**Brief**
The lines wanted are those from the one containing "Jar of Big Spoon" to the last line of the entries below; output them exactly, leaving out pictures.

§

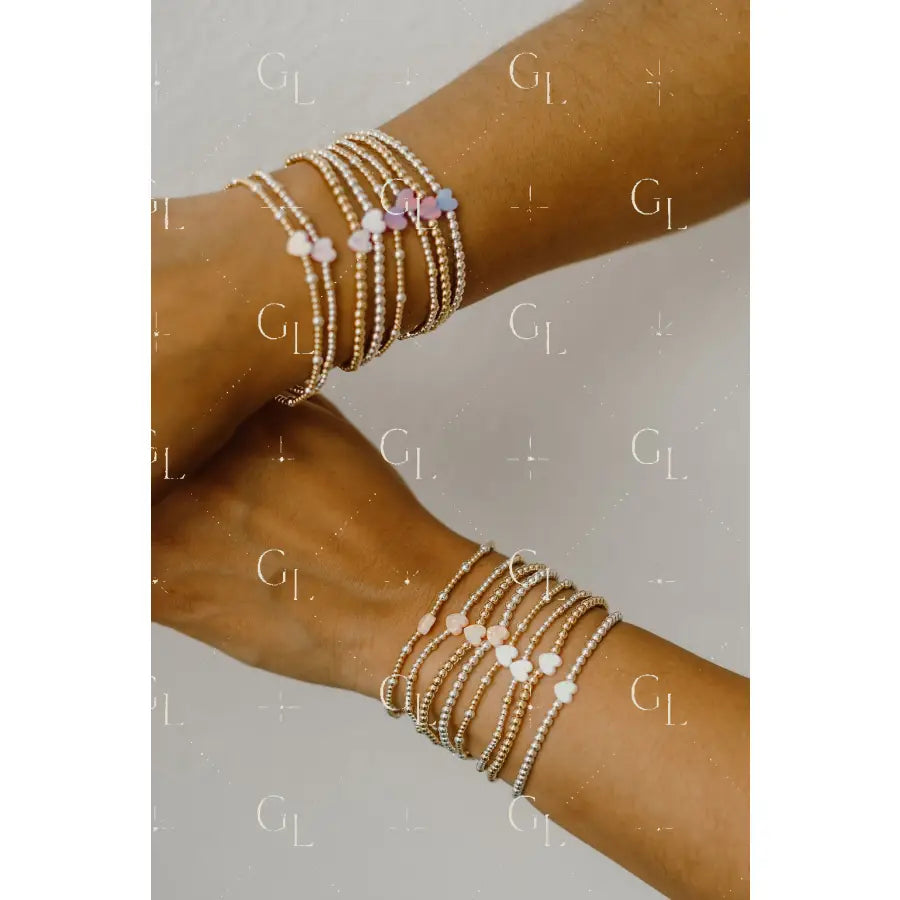 Two arms wearing multiple beaded bracelets on a neutral background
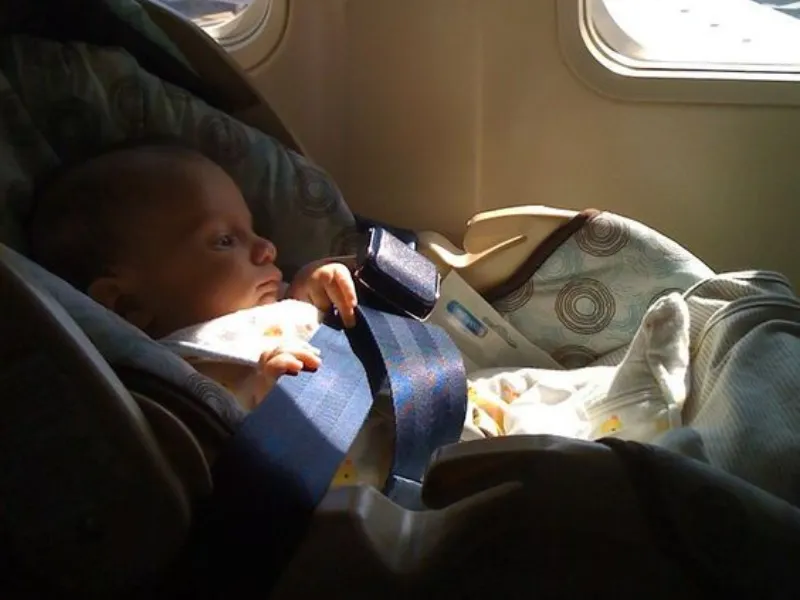 Traveling With A Car Seat Tips for Family Travel • Flying With A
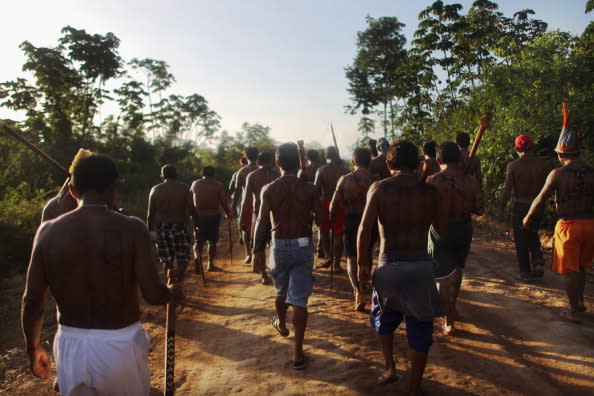 Indigenous people from the Kuruaia and Xipaia tribes march during a ceremony honoring the Xingu River before the start of the Xingu  23 event that gathers resisters of the Belo Monte dam project in the Amazon basin on June 13, 2012 in Santo Antonio, near Altamira, Brazil. Santo Antonio is adjacent to where the Belo Monte dam complex is under construction and the entire community will be expropriated for the construction. Around 60 families originally lived in Santo Antonio but now only about ten families remain.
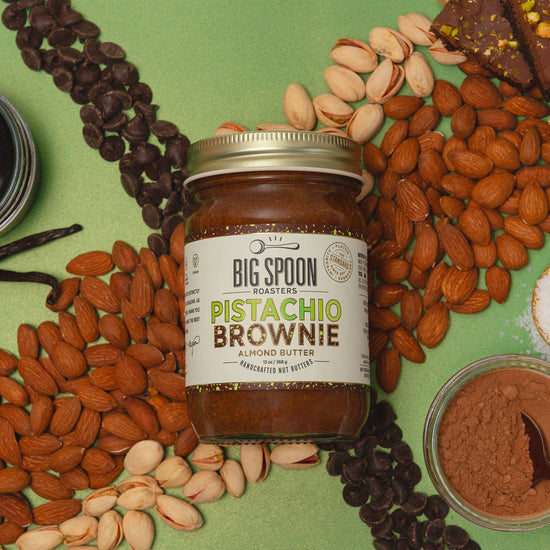 Jar of Big Spoon Pistachio Brownie Nut Butter surrounded by almonds, pistachios, chocolate chips, vanilla, coconut nectar, cocoa powder, a spoonful of salt, and pistachio-topped brownies on a green background.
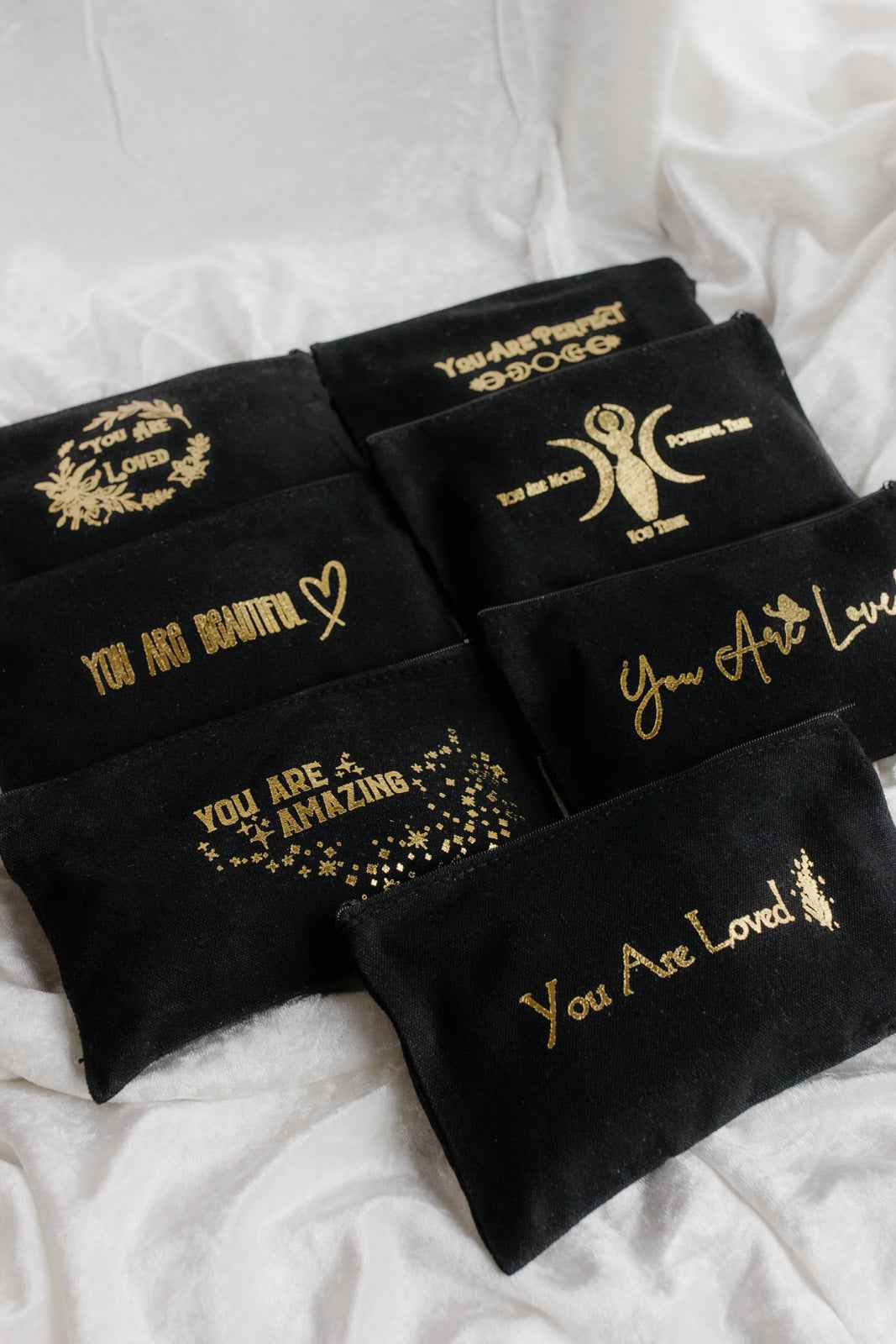 Menstrual Starter Kit Tween Period Supplies featuring black pouches with inspirational gold fonts.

§

**Expected output**
 Jar of Big Spoon Pistachio Brownie Nut Butter surrounded by almonds, pistachios, chocolate chips, vanilla, coconut nectar, cocoa powder, a spoonful of salt, and pistachio-topped brownies on a green background.
 Menstrual Starter Kit Tween Period Supplies featuring black pouches with inspirational gold fonts.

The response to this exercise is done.